Ну вот, пришла Клеепата, мы с ней в этом доме – напольные обитатели, а все остальные живут там, вверху. Ее иногда берут на руки, но меня все-таки чаще, я им нравлюсь больше, да к тому же со мной и веселее, я могу их рассмешить, а еще я выгляжу не так по-дурацки, как она: без одежды и волосатая, да еще с этим хвостом, – а еще она ползать совсем не умеет, а ходит на руках и ногах, как обезьянка из книжки, которую мне читала Тедда. А еще кошка довольно злая и очень-очень глупая. Прыгает она, к примеру, очень высоко, зато никогда не облизывала дверную ручку, ту, позолоченную, в гостиной, а ведь умеет запрыгивать и на стул, и на этот, – забыл, как называется.

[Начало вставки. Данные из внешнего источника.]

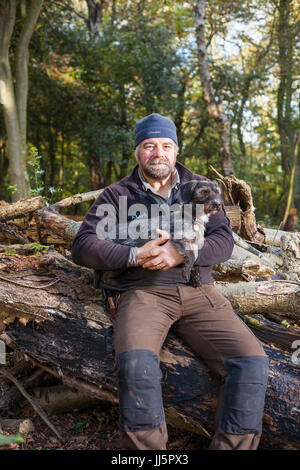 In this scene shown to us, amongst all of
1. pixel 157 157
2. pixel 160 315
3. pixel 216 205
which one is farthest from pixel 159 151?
pixel 160 315

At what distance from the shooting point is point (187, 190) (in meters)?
3.23

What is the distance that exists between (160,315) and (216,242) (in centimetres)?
77

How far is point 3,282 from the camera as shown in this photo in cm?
335

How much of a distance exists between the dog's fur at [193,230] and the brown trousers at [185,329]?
161mm

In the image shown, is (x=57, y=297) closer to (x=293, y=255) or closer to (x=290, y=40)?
(x=293, y=255)

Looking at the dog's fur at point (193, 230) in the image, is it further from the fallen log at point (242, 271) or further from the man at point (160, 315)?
the fallen log at point (242, 271)

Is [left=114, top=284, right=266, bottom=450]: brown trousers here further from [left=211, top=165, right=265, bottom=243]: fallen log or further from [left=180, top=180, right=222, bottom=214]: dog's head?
[left=211, top=165, right=265, bottom=243]: fallen log

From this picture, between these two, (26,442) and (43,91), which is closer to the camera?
(26,442)

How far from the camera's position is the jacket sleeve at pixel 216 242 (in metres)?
3.03

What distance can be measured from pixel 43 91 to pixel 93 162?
2828 millimetres

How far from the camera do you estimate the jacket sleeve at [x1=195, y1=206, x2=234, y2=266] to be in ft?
9.95

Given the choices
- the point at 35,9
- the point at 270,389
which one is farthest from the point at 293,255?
the point at 35,9

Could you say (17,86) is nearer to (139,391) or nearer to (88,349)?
(88,349)

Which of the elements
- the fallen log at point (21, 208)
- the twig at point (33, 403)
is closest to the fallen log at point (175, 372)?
the twig at point (33, 403) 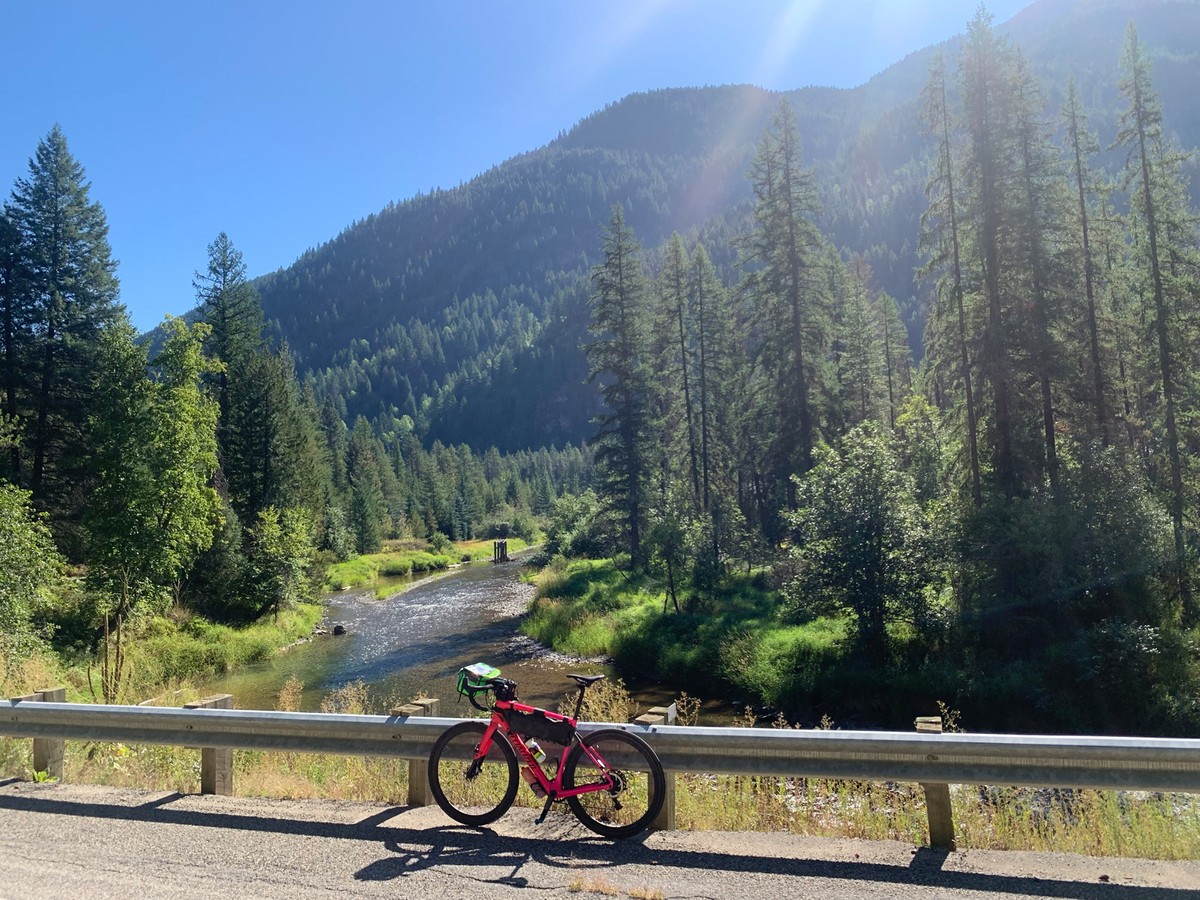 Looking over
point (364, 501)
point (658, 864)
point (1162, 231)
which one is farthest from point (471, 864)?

Дверная ручка – самое лучшее в этом доме. Она из золота, вкус у нее золотой, я бы ее так весь день и облизывал, но мне говорят – нельзя: то ли потому, что она грязная, то ли потому, что она станет грязной, если я ее оближу. Я этого пока не понимаю. Но подозреваю, что на самом деле они ее просто хотят себе. Вечерами, когда я уже сплю, они все наверняка спускаются в гостиную и по очереди лижут дверную ручку. Я в этом уверен. Иначе они бы себя так не вели. Все только об этой ручке и думают. Все-все, кроме Клеепаты и Купакапы. Он облизывает только фигары, которые прячет в специальном фигарном ящике в ползательной гостиной. Лижет, лижет – пока от них дым не повалит. Тогда он исчезает за тучей – совсем как гора, которая возвышается над домами.

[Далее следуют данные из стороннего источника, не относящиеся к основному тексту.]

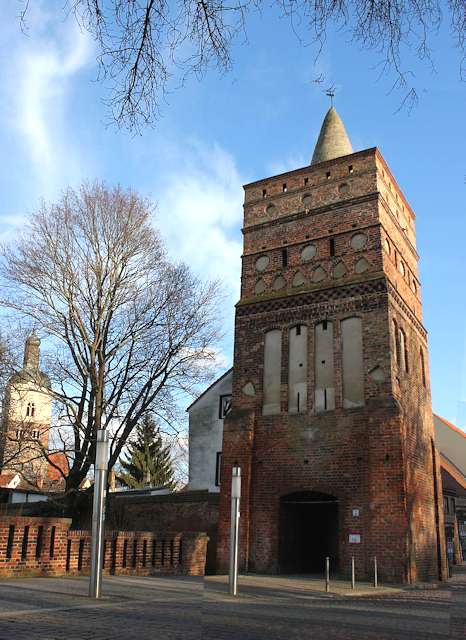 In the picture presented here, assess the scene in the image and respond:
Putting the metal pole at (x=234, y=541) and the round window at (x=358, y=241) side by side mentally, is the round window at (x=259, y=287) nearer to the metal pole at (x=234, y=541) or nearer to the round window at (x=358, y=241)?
the round window at (x=358, y=241)

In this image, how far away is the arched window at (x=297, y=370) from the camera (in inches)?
734

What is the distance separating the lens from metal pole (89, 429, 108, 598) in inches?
338

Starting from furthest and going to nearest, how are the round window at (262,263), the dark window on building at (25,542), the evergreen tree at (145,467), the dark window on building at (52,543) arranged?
the evergreen tree at (145,467), the round window at (262,263), the dark window on building at (52,543), the dark window on building at (25,542)

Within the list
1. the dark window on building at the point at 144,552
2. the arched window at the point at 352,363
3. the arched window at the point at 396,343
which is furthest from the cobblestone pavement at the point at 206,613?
the arched window at the point at 396,343

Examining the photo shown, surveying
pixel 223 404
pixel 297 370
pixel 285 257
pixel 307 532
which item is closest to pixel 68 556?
pixel 307 532

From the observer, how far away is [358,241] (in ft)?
A: 64.8

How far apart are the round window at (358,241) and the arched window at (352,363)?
102 inches

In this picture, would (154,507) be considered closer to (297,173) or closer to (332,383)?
(332,383)

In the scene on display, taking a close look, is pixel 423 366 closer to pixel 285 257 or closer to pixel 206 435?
pixel 285 257

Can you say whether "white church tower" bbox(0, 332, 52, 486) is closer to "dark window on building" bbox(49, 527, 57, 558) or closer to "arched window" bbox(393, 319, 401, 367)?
"dark window on building" bbox(49, 527, 57, 558)

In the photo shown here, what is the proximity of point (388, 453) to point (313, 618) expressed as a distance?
28.3 feet

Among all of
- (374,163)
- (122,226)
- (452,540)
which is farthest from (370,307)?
(452,540)

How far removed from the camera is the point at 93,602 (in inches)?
317

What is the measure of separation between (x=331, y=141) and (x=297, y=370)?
9.49 meters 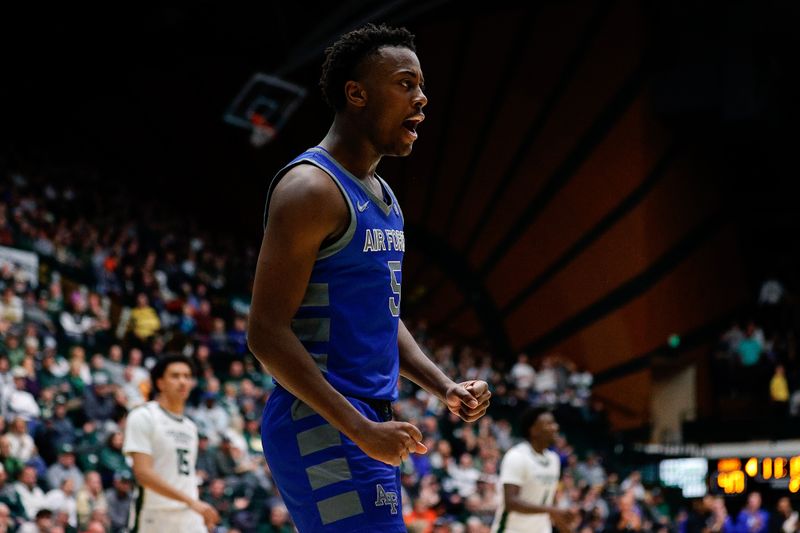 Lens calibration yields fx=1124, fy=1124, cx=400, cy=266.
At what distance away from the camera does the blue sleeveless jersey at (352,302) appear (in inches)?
123

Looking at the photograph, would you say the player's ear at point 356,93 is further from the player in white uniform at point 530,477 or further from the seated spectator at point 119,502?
the seated spectator at point 119,502

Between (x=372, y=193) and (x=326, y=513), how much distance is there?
36.1 inches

Ага, вот она опять пришла. Сейчас меня покормят. Она уносит меня в кухню. Меня не кормят со всеми вместе. Меня кормят отдельно. Мне дают осянку с молоком, а иногда еще и хлеб-сосушку. Он вкуснее всего. Ух ты, вот сейчас мне его дали. Я вынужден прерваться. Больше пока говорить не смогу. Гетт куффаеть.